0. Fundamental rules enforced by the table structure

1. Type constraints on column values

2. Key constraints: in each table, any given declared key can occur in only one row. This is not a property of a table at a particular moment, but rather a rule that says that a second record with a duplicate key can never be added.

3. Referential-integrity constraints: Consider again the students database on p 8 of EN. In the SECTION table, the key is Section_identifier. A typical constraint would be that we are not allowed to have a record that has a Course_number value that is not found in the COURSE table.

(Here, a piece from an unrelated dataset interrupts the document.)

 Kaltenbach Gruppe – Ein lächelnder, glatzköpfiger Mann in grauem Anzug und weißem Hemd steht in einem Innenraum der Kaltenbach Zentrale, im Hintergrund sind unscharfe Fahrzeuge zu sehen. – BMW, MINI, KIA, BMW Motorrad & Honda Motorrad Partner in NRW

Similarly, in the GRADE_REPORT table, the key is ⟨Student_number, Section_identifier⟩. We do not allow rows for which Student_number does not refer to a valid entry in the STUDENT table, or for which Section_identifier does not refer to a valid entry in the SECTION table.

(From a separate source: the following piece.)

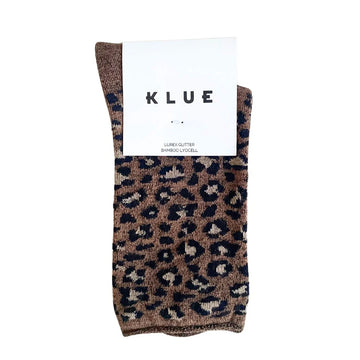 A pair of folded up lurex socks printed with leopard print and a white product tag attached.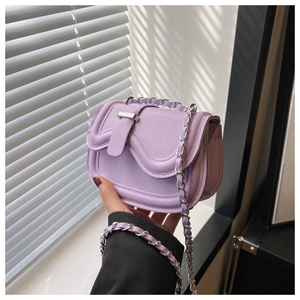 Detail shot of a purple mini saddle bag with silver chain strap held in hand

Note the implicit constraint of having the STUDENT table. Suppose we add an address row. Because the key for the table is Student_number, we cannot have the same student with two addresses.

Suppose instead we enter the student name and address directly into the GRADE_REPORT table, along with the Student_number. This is slightly wasteful of space, but that is a minor concern. The serious problem is that this now allows inconsistency: we can have student 17 have two different addresses in two different records, or even two different names.

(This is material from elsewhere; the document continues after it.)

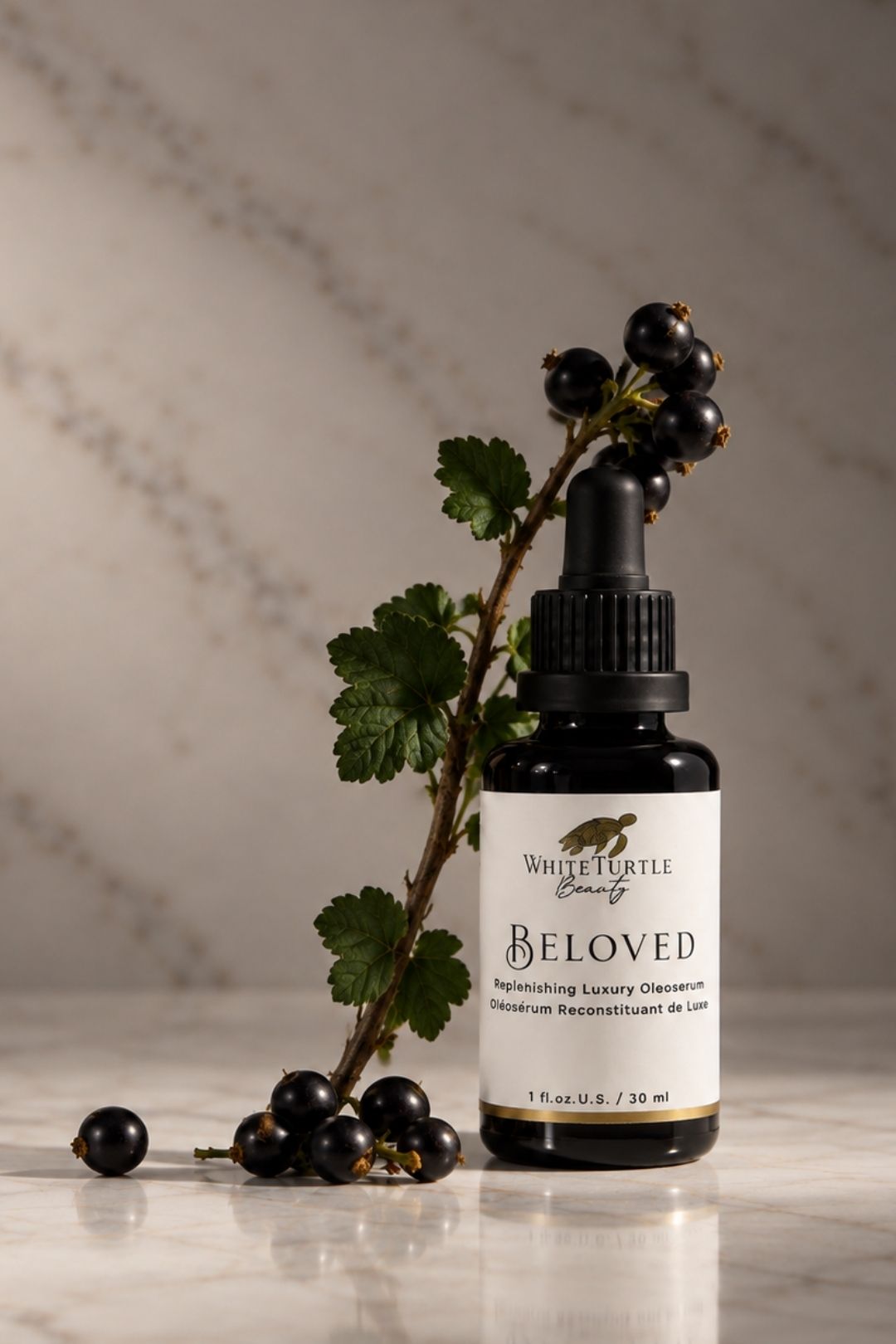A small dropper bottle labeled White Turtle Beauty Beloved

This is the data-consistency problem that the relational model was so successful at solving. If we design our tables appropriately, the potential for duplicate entries is simply eliminated.

Here's another view of inconsistency. Suppose we have a table with records like the following::

    Purchase, CustomerName, CustomerAddr

This allows us to have two records for two different purchases, one with
        Peter, LakeShore
and one with
        Peter, WaterTower
Oops! Peter is now getting duplicate mailings (one forwarded).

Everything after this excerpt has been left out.